[Material provided — start]

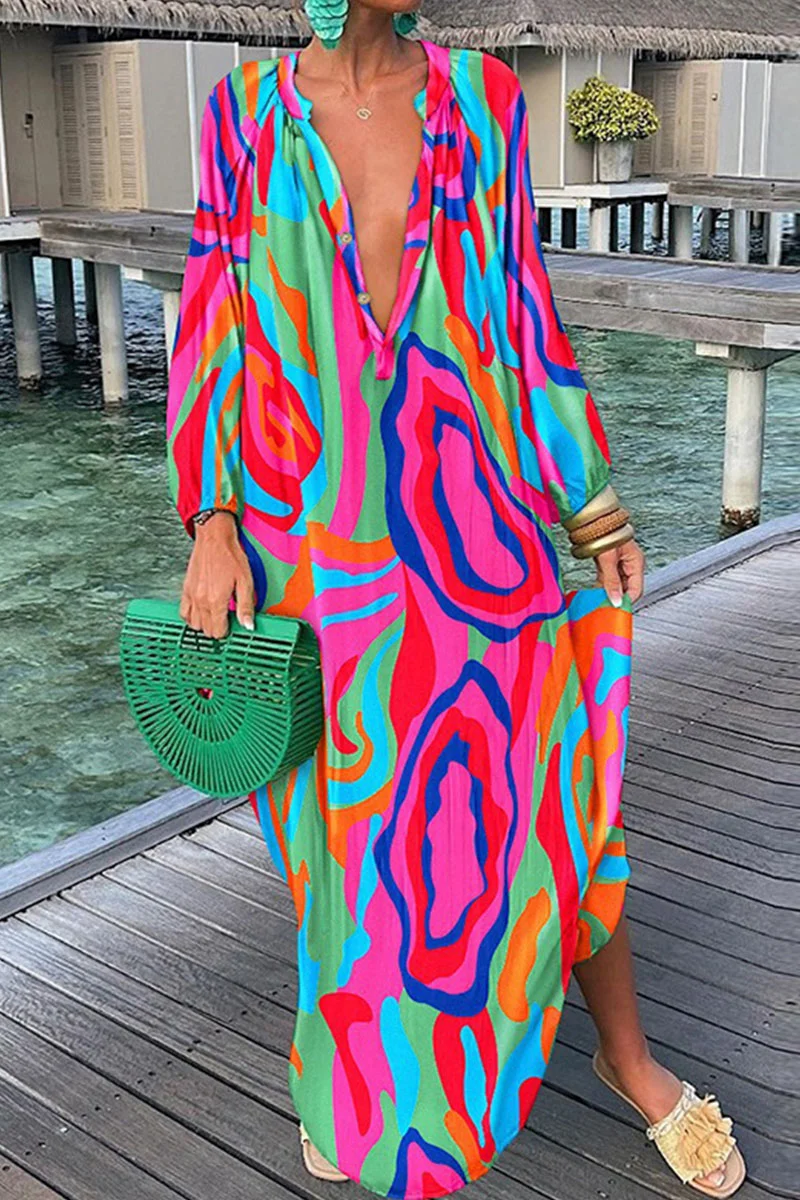 Pink Sexy Print Patchwork V Neck Straight Dresses | EGEMISS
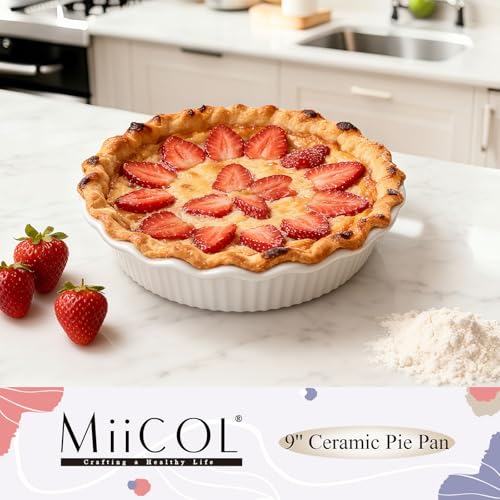 Miicol White Ceramic Pie Pan 50 oz, 9 inch Ripple Edge Deep Baking Dish - size: 9 INCH PACK OF 1
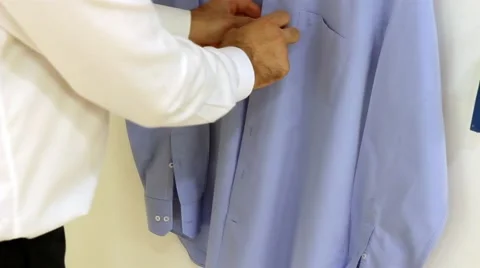 Man Buttons Shirt Vídeo Stock 55365690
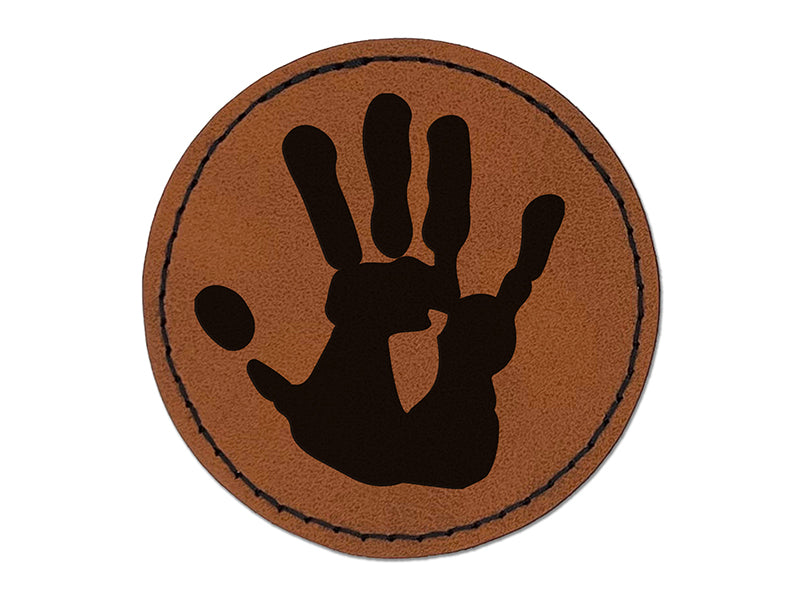 Hand Print Round Iron-On Engraved Faux Leather Patch Applique - 2.5"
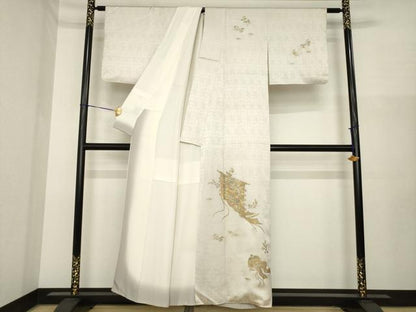 平和屋着物●訪問着　作家物　几帳花文　金彩　正絹　逸品　AABI8179ck
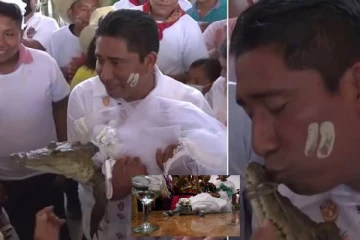 முதலைக்கும் நகர மேயருக்கும் இடையே விசித்திர திருமணம்: பிரத்யேக வீடியோ!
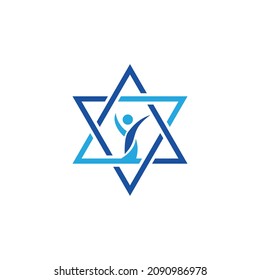 Star of David Jewish logo design template vector art design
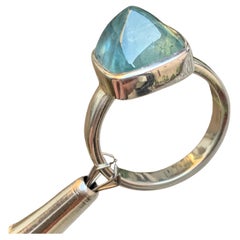 Light Blue Tourmaline Sugarloaf Gemstone 925 Sterling Silver Handmade Ring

[Material provided — finish]

▶ Requirement: Everything in the listing, except its images, should be set down exactly.

▶ Answer to this exercise:
 Pink Sexy Print Patchwork V Neck Straight Dresses | EGEMISS
 Miicol White Ceramic Pie Pan 50 oz, 9 inch Ripple Edge Deep Baking Dish - size: 9 INCH PACK OF 1
 Man Buttons Shirt Vídeo Stock 55365690
 Hand Print Round Iron-On Engraved Faux Leather Patch Applique - 2.5"
 平和屋着物●訪問着　作家物　几帳花文　金彩　正絹　逸品　AABI8179ck
 முதலைக்கும் நகர மேயருக்கும் இடையே விசித்திர திருமணம்: பிரத்யேக வீடியோ!
 Star of David Jewish logo design template vector art design
 Light Blue Tourmaline Sugarloaf Gemstone 925 Sterling Silver Handmade Ring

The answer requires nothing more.